Importantly, clause 7 provided that, in the event of an application being made for the liquidation of MML, or MML going into bankruptcy, business rescue or similar, or judgment having been taken against MML and remaining unsatisfied for a period of 14 days, the agreement would terminate with immediate effect without the necessity of notice, and the loan amount, or any balance then outstanding, would immediately become due and payable to CBL.
MML also entered into a subordination agreement with CBL in terms of which:
· CBL subordinated for the benefit of the other creditors of MML, so much as would enable the claims of other creditors to be paid in full;
· Claims of the creditors of MML would rank preferentially to the subordinated claim;
· The subordination would remain in force so long only as the liabilities of MML exceeded its assets; and
· Until the assets of MML, fairly valued, exceeded its liabilities, it would not be entitled to demand or sue for or accept repayment of the whole or any part of the amount subordinated.
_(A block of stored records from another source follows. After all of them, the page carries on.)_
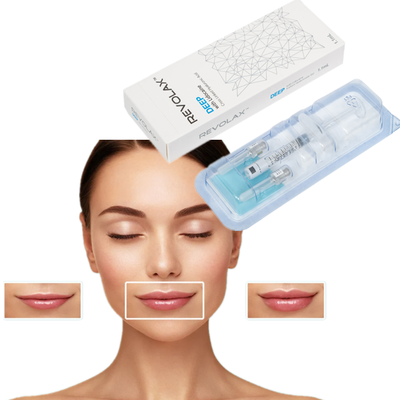 OEM 1.1ml Revolax Fine Deep Sub-Q Lightweight Dermal Filler για λεπτές γραμμές και λεπτή αναζωογόνηση του δέρματος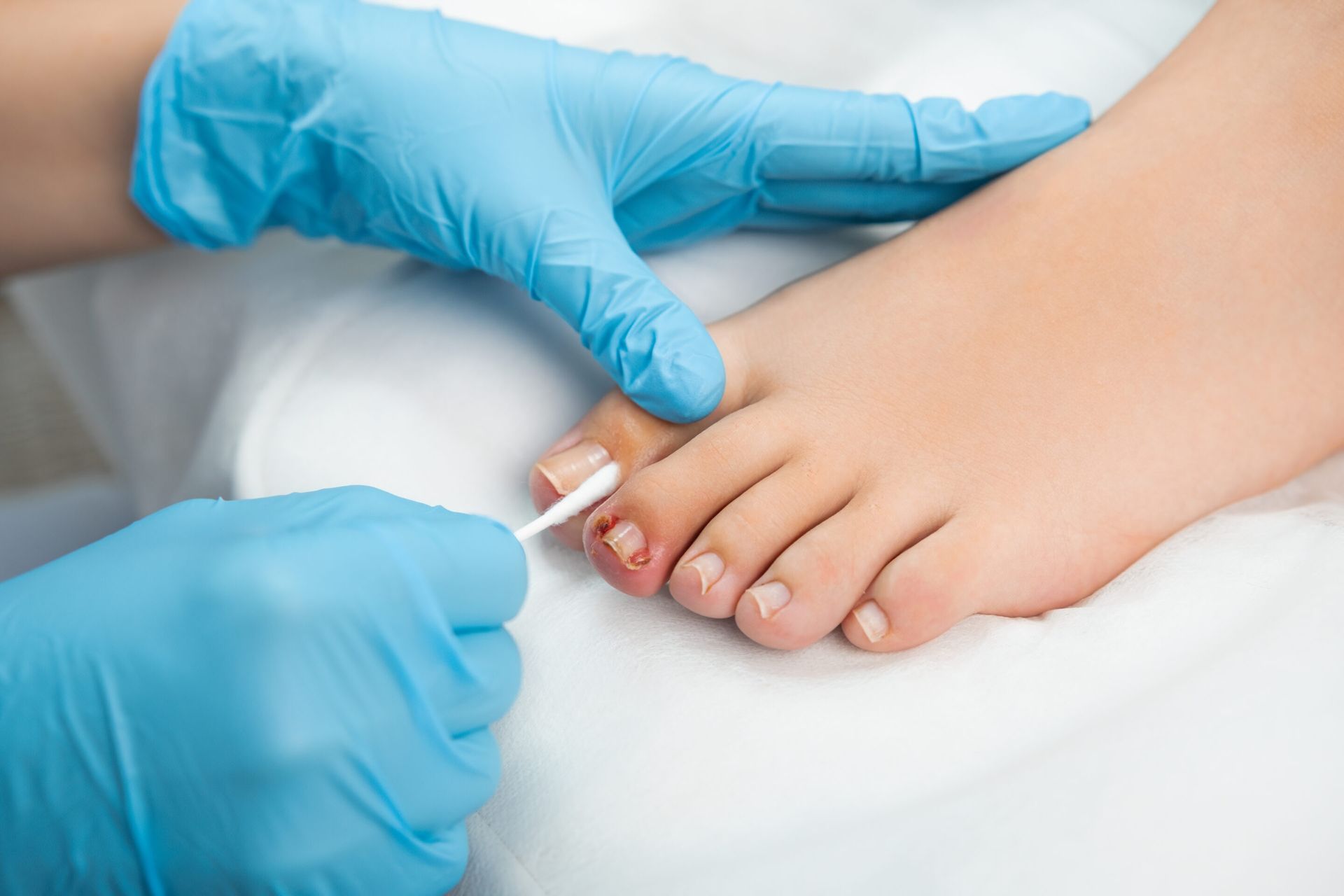 Person's foot being treated, with gloved hands using a cotton swab on a toenail.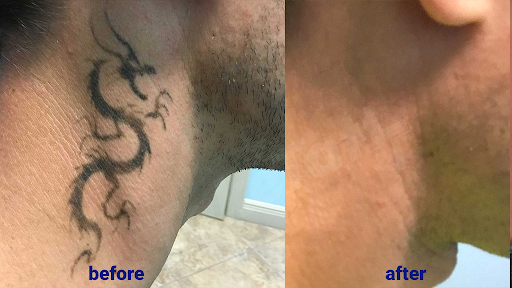 Explore tattoo ideas for behind ear, creative tattoo ideas in Sheffield Lake, available at TakeTatt Tattoo Removal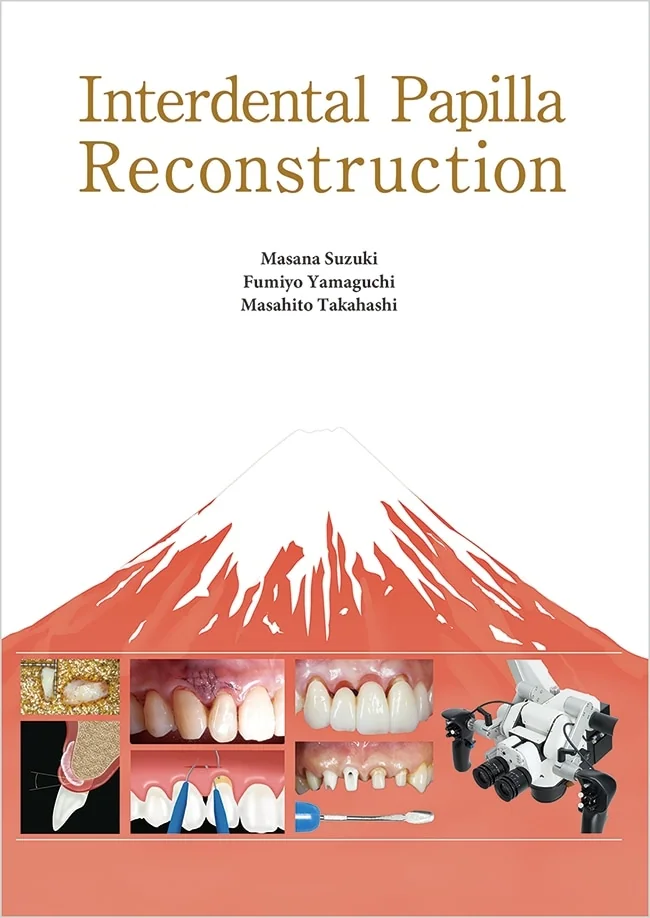 Interdental Papilla Reconstruction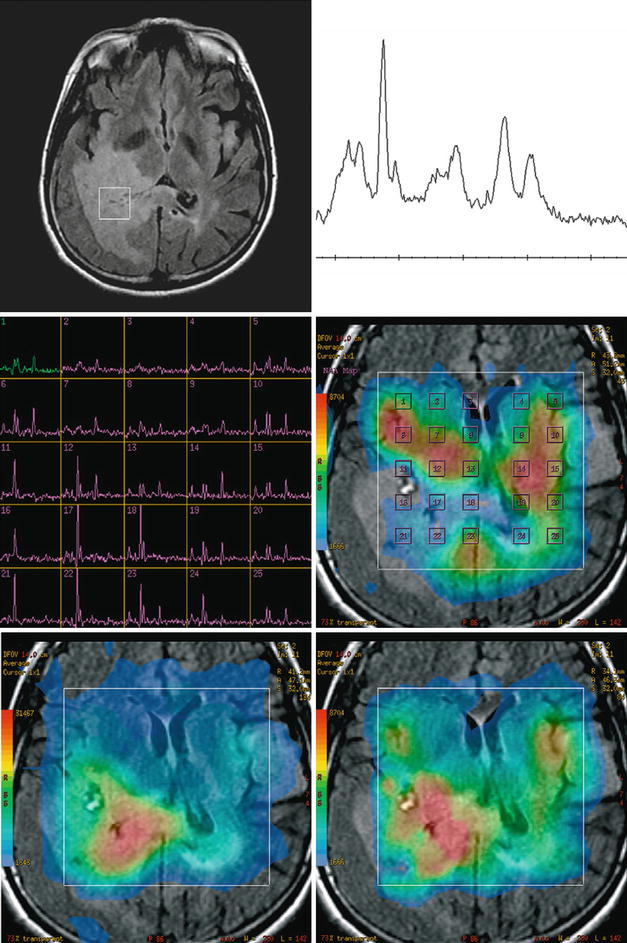3.0 T MR Spectroscopy Radiology Key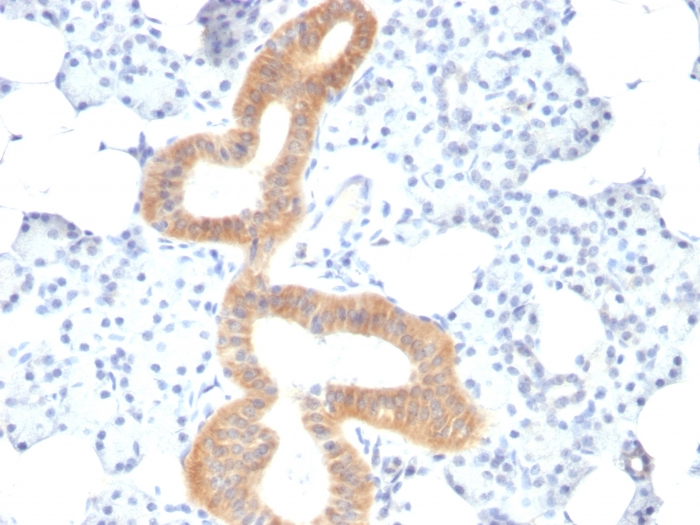 IHC-P analysis of human melanoma tissue using GTX34570 CD86 antibody [SPM600].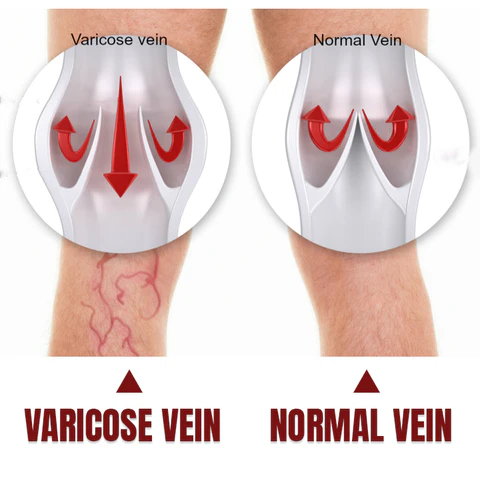 Timilk® Varicose Veins Healing Cream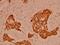Catenin Alpha 1 antibody, PA5-36046, Invitrogen Antibodies, Immunohistochemistry paraffin image 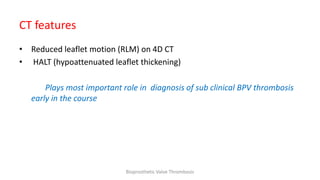 CT features
• Reduced leaflet motion (RLM) on 4D CT
• HALT (hypoattenuated leaflet thickening)
Plays most important role in diagnosis of sub clinical BPV thrombosis
early in the course
Bioprosthetic Valve Thrombosis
At the time of submitting its income tax return for 2015, CBL made an adjustment to its taxable income in terms of section 31(2) and (3) on the basis that an arms-length interest rate should apply and that a deemed dividend arose. CBL was assessed by SARS on this basis.
Subsequent to this, CML submitted a request to SARS for a reduced assessment on the basis that the loan met the requirements for the exclusion in contained in section 31(7).
SARS rejected the request for a reduced assessment on the basis that the loans did not meet the requirements of section 31(7), more particularly, section 31(7)(a) and (b), which stipulate:
· That foreign company is not obliged to redeem that debt in full within 30 years from the date the debt is incurred; and
· The redemption of the debt in full by the foreign company is conditional upon the market value of the assets of the foreign company not being less than the market value of the liabilities of the foreign company.
CML applied to the High Court to review and set aside the decisions taken by SARS.
The Court agreed with SARS, that the effect of clause 7 was that if the relevant events occurred, the loans would become immediately due and payable and therefore the requirements of section 31(7) were not met.
The Court was also of the view that the subordination agreement merely changed CBL’s ranking amongst the creditors of MML, and did not detract from the above conclusion.
What this means for multinationals with inter-company agreements
Many loan agreements provide for events of default, such as an application for liquidation etc. Typically, the provisions only come into effect once the relevant event takes place. It is debatable whether this would result in the requirements of section 31(7) not being met, since the application of the provision would be conditional upon the event of default actually occurring.
Notwithstanding this, it would be wise to review any inter-company agreements in respect of which the exclusion in section 31(7) is claimed.
Justin Liebenberg is an independent tax specialist; Michael Hewson is a director of Graphene Economics™.